George Springer had nothing more to prove in the minor leagues. In 266 plate appearances last year with Triple-A Oklahoma City, he hit .311/.425/.626 with 18 homers, 50 RBI and 22 steals; this, of course, happened after he put up a nearly identical line in the first half of the 2013 season at Double-A Corpus Christi.
The Astros were so aware of his major league readiness that they offered him a seven-year, $23-million deal last September that he summarily rejected. Since that deal sought to buy out his arbitration years, most figured that the Astros would keep Springer in the minors until a time where they could extend team control for a full season. That's why, despite the way he ate up Pacific Coast League pitching for two weeks, it seems silly that we are now having this discussion.
Silly or not, Springer is officially a major leaguer as of Wednesday night. As expected, he basically forced the team's hand by hitting .353/.459/.647 with three bombs, nine RBI and four steals in just 13 games. Before setting foot in a major league batter's box, he may already be the most feared hitter in Houston, and is rightfully seen as the future face of the franchise. He put an exclamation point on his short stay with Oklahoma City this year, going 3-for-4 with a grand slam in his final game before getting the call.
If you're in a competitive or deep league, chances are Springer was drafted and stashed on his owner's bench, so this will read to you as nothing more than an ode to a potential star-in-the-making. If for some reason he's still available in your league, go get him right now. Springer has absolutely raked at every stop in his journey through the Astros' minor league system. His one downfall are his strikeouts, posting a K-rate of 24.4 percent at Oklahoma City and 29.7 percent at Corpus Christi last year. In 61 plate appearances before getting his promotion, he fanned 15 times. He does, however, offset that to a degree with a strong walk rate, earning a free pass in 83, or 14.1 percent, of his 589 plate appearances last year.

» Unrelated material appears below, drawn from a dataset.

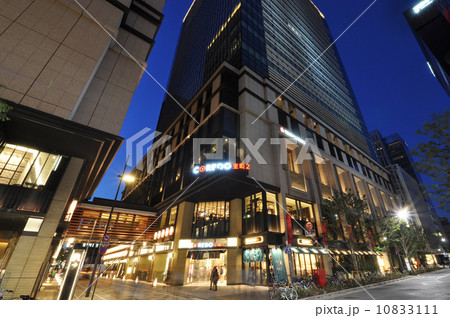 COREDO室町の夜景 10833111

Most projection systems assumed Springer wouldn't play more than half of the Astros' games this year, and even that was a generous assessment. Instead, he should end up playing in 130-plus games. After all, they didn't bring him up to stick him on the bench. His tendency to strike out could cause some growing pains early, but Springer should be started with confidence in all but the shallowest of leagues. Assuming he plays nearly every day for the rest of the season, he's easily a top-40 outfielder with a top-25 ceiling.
• Not to be outdone, Gregory Polanco is off to a roaring start with Triple-A Indianapolis. The 22-year-old outfielder is hitting .465/.511/.744 with a pair of homers and 11 RBI. Polanco, the No. 1 hitting prospect in the Pittsburgh organization, hasn't walked much in his minor league career, a 12.6-percent walk rate in 286 plate appearances at Double-A Altoona notwithstanding, but he doesn't strike out either, and those contact skills should immediately translate to the majors. The Pirates are obviously set in center and left, and Travis Snider has been playing well as the regular right fielder, but it's just a matter of time before Polanco gets a shot in the majors. If you have room to stash someone, he should be toward the top of your list.
• Javier Baez, the Cubs top prospect, hit the seven-day DL on Sunday with a sprained ankle. Luckily, he seems to have avoided serious injury. He has yet to get going at Triple-A Iowa, hitting just .154, but he does have two homers and a double among his four hits. What's more troubling is that he has struck out 10 times and walked twice in 28 plate appearances. Iowa expects him back next week, and conventional wisdom is that he's ticketed for a midsummer debut with the Cubs. At this point, however, we cannot be sure he will hit that timetable.
• The Mariners received some disquieting news when Taijuan Walker was scratched from a rehab start due to shoulder stiffness. He's set for a re-evaluation on Wednesday, but this is potentially terrible news for both team and player. Walker is on the DL with shoulder bursitis, but he seemed to be on track to recover from the injury as expected.
• Archie Bradley's agent recently made waves when he said the Diamondbacks were only keeping him down to control costs, not for competitive purposes. That very well may be true, but fantasy owners will almost certainly be able to reap his benefits at some point this year. He's 1-1 with a 1.50 ERA, 0.92 WHIP and eight strikeouts in 12 innings with Triple-A Reno thus far. The 21-year-old is likely the No. 1a to Taijuan Walker's No. 1 ranking as the best pitching prospect in baseball, and the only reason Walker is ahead is because he's already slotted in the Mariners' rotation, once he returns from his shoulder injury. Even if we don't see him in the majors until June or July, he's worth stashing in most leagues.